En una sociedad democrática cualquier avance en el terreno de los derechos y libertades de personas o colectivos integrantes de la ciudadanía debería ser motivo de regocijo general. Esto es válido también para los casos en que una Comunidad Autónoma alcance mayores cotas democráticas de autogobierno. Supone el reconocimiento del derecho a la expresión política de una identidad común. Es lo que ha ocurrido con la reciente aprobación del Estatuto de Cataluña por la inmensa mayoría del Parlamento catalán en un ejercicio de ejemplar consenso del que el Partido Popular se ha autoexcluido.
No es definitivo. El Estatuto debe pasar aún por el debate en el Parlamento español donde, a buen seguro, verá limadas algunas aristas, pero nadie puede objetar que tanto la forma negociada en que se ha gestado como el propio contenido de su articulado responden a principios profundamente democráticos. Otra cosa es que pueda contener aspectos de difícil casación con una interpretación estrictamente jurídica de la Constitución.

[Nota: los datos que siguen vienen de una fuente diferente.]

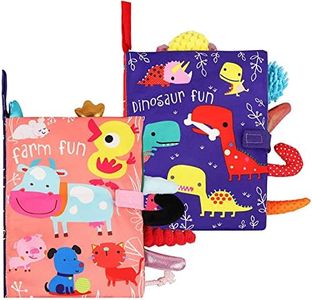 BelleStyle Libros Bebe Juguetes Bebes 0-12 Meses, 2PCS Libros de Tela Blandos para Bebes Recien Nacido Niños Educativo Juguetes Niños 1 Año, Animales Libro Sensorial Suave de Actividades para Bebé (B)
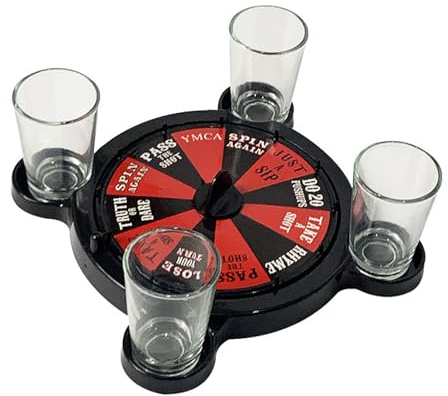 GeRRiT Roulette-Rad Schwarzes Roulette-Set mit 4 Weingläsern, sehr sanft drehende Drehscheibe, Trinkspiele, Roulette-Shots für Spieleabende Partyspiele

En manos de los políticos está el resolverlo, pero el punto de partida de los posibles retoques no puede ser otro que el del profundo respeto que ha de merecer la decisión de un Parlamento que representa legítimamente a la ciudadanía que vive en Cataluña y que, junto con la Generalitat, forman parte del Estado español.
No parece ser ésta la actitud del Partido Popular ni de los medios de comunicación afines al mismo. Asombra que, ya bien entrado el siglo XXI, la derecha española interprete el legítimo derecho que asiste a un parlamento autonómico a definir a su comunidad autónoma como nación, en función de profundas razones históricas y culturales, como un peligro que amenaza el sagrado bien de lo que eufemísticamente se denomina “unidad de España” y lo utilice como pretexto para la articulación de un discurso ideológico que persigue, sin reparar en medios, el descrédito gratuito de la clase política catalana, el del gobierno socialista y en especial el del presidente Rodríguez Zapatero como presunto impulsor, es decir, culpable, de la propuesta de autogobierno catalán. Demuestran, de esta manera, que más allá de la aportación de propuestas positivas, están mucho más interesados en arrojar a la arena política la manzana de la discordia, sabedores (la derecha siempre ha sido así) de los réditos electorales que puede aportar el mantenimiento de un conflicto abierto entre Cataluña y el resto de España.
Quienes asocian al Estatuto de Cataluña con un cambio de régimen, como el ex – presidente Aznar, con la claudicación del gobierno español ante las propuestas “demoníacas” de Carod Rovira, con el Plan Ibarrexte o, incluso, como el neofascista de la COPE Jiménez Losantos, con la antesala de la negociación con ETA, parecen olvidar las aportaciones que desde Cataluña se han venido realizando desde la transición a la estabilidad de la democracia española. Ante la gravedad de sus acusaciones cabría preguntarse sobre los motivos por los que no emprenden acciones legales. La respuesta parece sencilla. En el fondo estos corifeos deben saber que su discurso se apoya en la falsedad y en el intento de sembrar el odio, un patrimonio histórico de la derecha ultraconservadora, altamente rentable políticamente. Afortunadamente en la calle, en la convivencia del día a día es casi imposible encontrar mentes tan retorcidas. La verdad, si ser español significara aceptar lo que representa toda esta derecha reaccionaria, sería el momento de pensar en cambiar de nacionalidad, al menos en lo que a mi respecta. Afortunadamente nuestro país está lleno de encantos y, entre ellos, esta maravillosa pluralidad que a todos y todas enriquece. Por eso desde aquí, como español no catalán digo orgulloso: Felicidades Cataluña.